The Company reported a net loss of $3.7 million or $.17 per basic share for the year ended December 31, 2011 compared to a net loss of $8.5 million or $10.32 per basic share for the same period last year.  Non-performing assets have been a significant drain on the Company's resources for over two years. These assets decreased by approximately $2.1 million during 2011, to $36.3 million at December 31, 2011.  Chairman Gubin said that, "Greater progress in reducing non-performing assets is expected in 2012 with further reductions expected as early as in the first quarter of 2012."  

The provision for loan losses reflected a net recovery of $0.1 million for the year ended December 31, 2011, a substantial improvement over the loan loss provision of $3.6 million for the same period last year.   Charge-offs for the year ended December 31, 2011 were $1.7 million, offset by credit recoveries of $.5 million and a reduction in the allowance for loan losses of $1.3 million due to a reduction in total loans outstanding. 

In October 2011, the Company issued $8.4 million in common stock in a private placement offering.   Following the closing, the Company raised an additional $0.2 million in the offering, bringing total new capital raised in 2011 to approximately $8.6 million. In addition, during the fourth quarter of 2011, the Company entered into a binding agreement with Chairman Gubin, who was instrumental in raising capital, to sell to him an additional $2.7 million in common stock no later than June 30, 2012. The closing of the transaction is subject to regulatory approval by the Federal Reserve Board and the Florida Office of Financial Regulation.   
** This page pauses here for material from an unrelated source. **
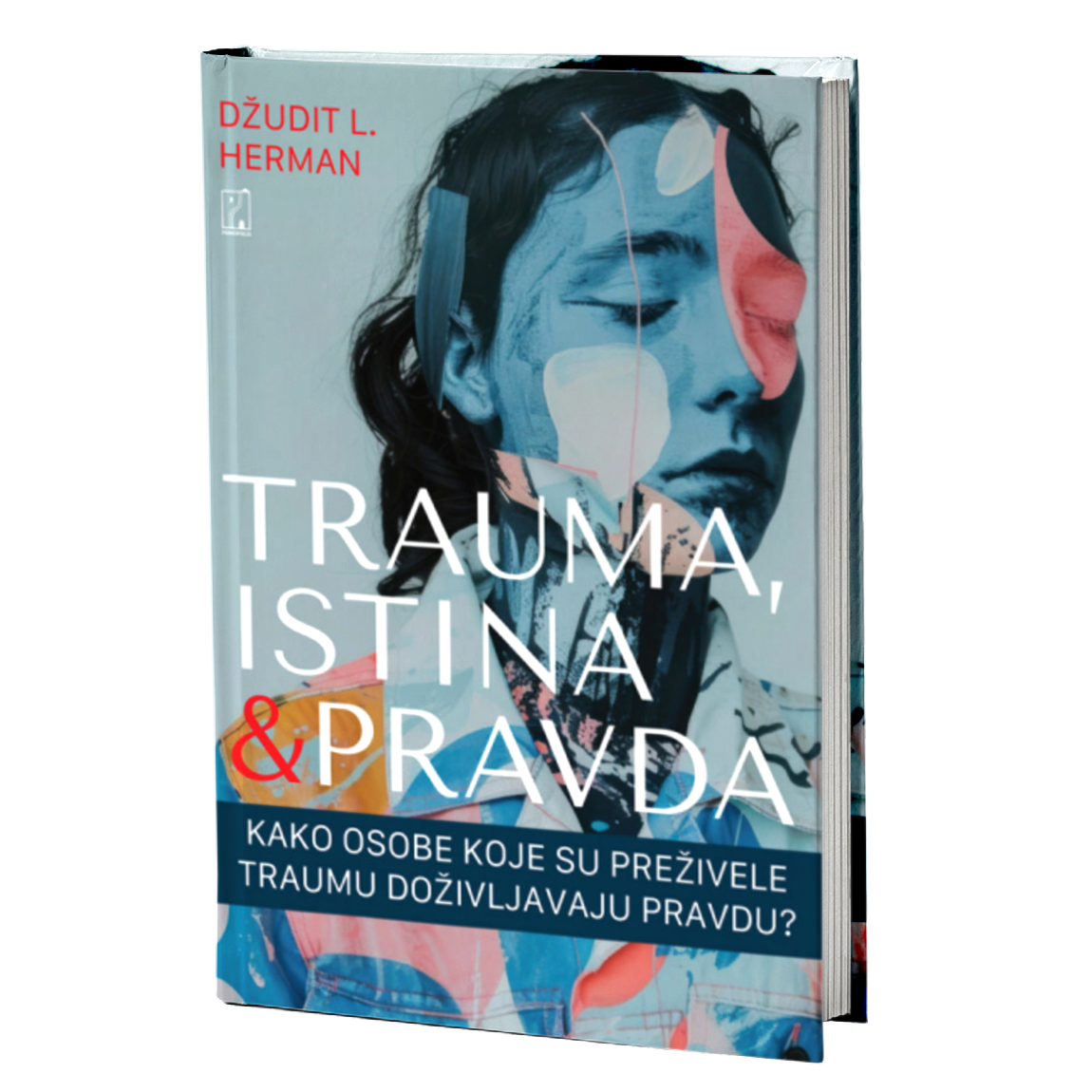 Trauma, istina i pravda – Džudit L. Herman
OptimumBank's Tier One Leverage and Total Risk-Based Capital Ratios at December 31, 2011 were 7.79% and 12.52% compared to minimum corresponding ratios of 8% and 12%, imposed under OptimumBank's Regulatory Consent Order with the FDIC and the Florida Office of Financial Regulation. The actual December 31, 2011 Tier One Leverage Ratio was only slightly below the Consent Order requirement. Assuming receipt of the additional $2.7 million in capital from the stock purchase transaction with Mr. Gubin, OptimumBank's Tier One Leverage and Total Risk-Based Capital ratios at December 31, 2011 on a pro forma basis, would be approximately 9.41% and 14.80% and would exceed the minimum regulatory capital ratios imposed under the Consent Order.

Mr. Gubin noted, "OptimumBank's lending pipeline has currently grown to over $12.0 million in a short period of time. Originating new loans, reducing non-performing assets and lowering funding costs are the keys to returning the Company to profitability; we are not resting until that occurs." Mr. Gubin also stated, "We are installing new banking software during the first quarter of 2012 to facilitate the creation of new and innovative deposit products in order to attract lower cost deposits and reduce the Bank's funding costs."

The Company offers a wide array of lending and retail banking products to individuals and businesses in Broward, Dade and Palm Beach Counties through its executive offices and three branch offices in Broward County, Florida.

The OptimumBank Holdings, Inc. logo is available at http://www.globenewswire.com/newsroom/prs/?pkgid=3232

This press release includes forward-looking statements and OptimumBank Holdings, Inc. intends for such statements to be covered by the safe harbor provisions of the Private Securities Litigation Reform Act of 1995.  These forward-looking statements describe OptimumBank Holdings, Inc.'s expectations regarding future events.  Future events are difficult to predict and are subject to risk and uncertainty which could cause actual results to differ materially and adversely. OptimumBank Holdings, Inc. undertakes no obligation to revise or amend any forward-looking statements to reflect subsequent events or circumstances.